When we have intentional circular data structures. The type system does not allow us to express our intent of a forced circularity. So, ghc can derive an instance, similar to that which we want, but not the same.
Circular data structures are probably the only case where the Functor should be implemented a different way. But then again, it would have the same semantic.
data HalfEdge a = HalfEdge { label :: a , companion :: HalfEdge a }
instance Functor HalfEdge where
fmap f (HalfEdge a (HalfEdge b _)) = fix $ HalfEdge (f a) . HalfEdge (f b)
EDIT:
HalfEdges are structures (known in computer graphics, 3d meshes...) that represent undirected Edges in a graph, where you can have a reference to either end. Usually they store more references to neighbour HalfEdges, Nodes and Faces.

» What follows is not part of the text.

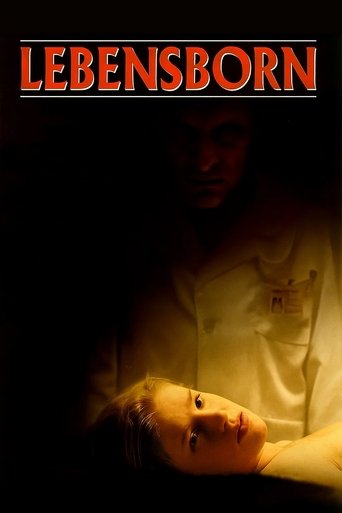 Lebensborn Poster of Lebensborn
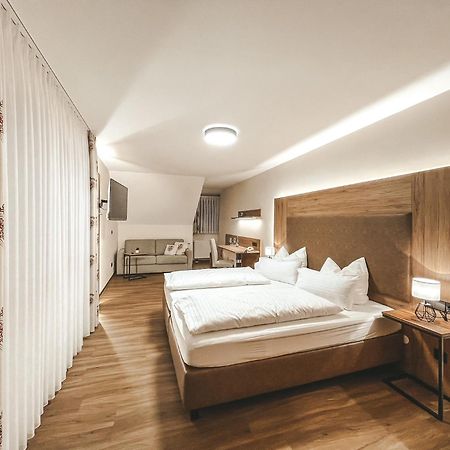 Hotel Badischer Hof Biberach bei Offenburg Ngoại thất bức ảnh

newEdge :: a -> a -> HalfEdge a
newEdge a b = fix $ HalfEdge a . HalfEdge b
Semantically, there is no fix $ HalfEdge 0 . HalfEdge 1 . HalfEdge 2
, because edges are always composed out of exactly two half edges.
EDIT 2:
In the haskell community, the quote "Tying the Knot" is known for this kind of data structure. It is about data structures that are semantically infinite because they cycle. They consume only finite memory. Example: given ones = 1:ones
, we will have these semantically equivalent implementations of twos
:
twos = fmap (+1) ones
twos = fix ((+1)(head ones) :)
If we traverse (first n elements of) twos
and still have a reference to the begin of that list, these implementations differ in speed (evaluate 1+1 each time vs only once) and memory consumption (O(n) vs O(1)).
See Brent Yorgey's Typeclassopedia:
Unlike some other type classes we will encounter, a given type has at most one valid instance of Functor. This can be proven via the free theorem for the type of fmap. In fact, GHC can automatically derive Functor instances for many data types.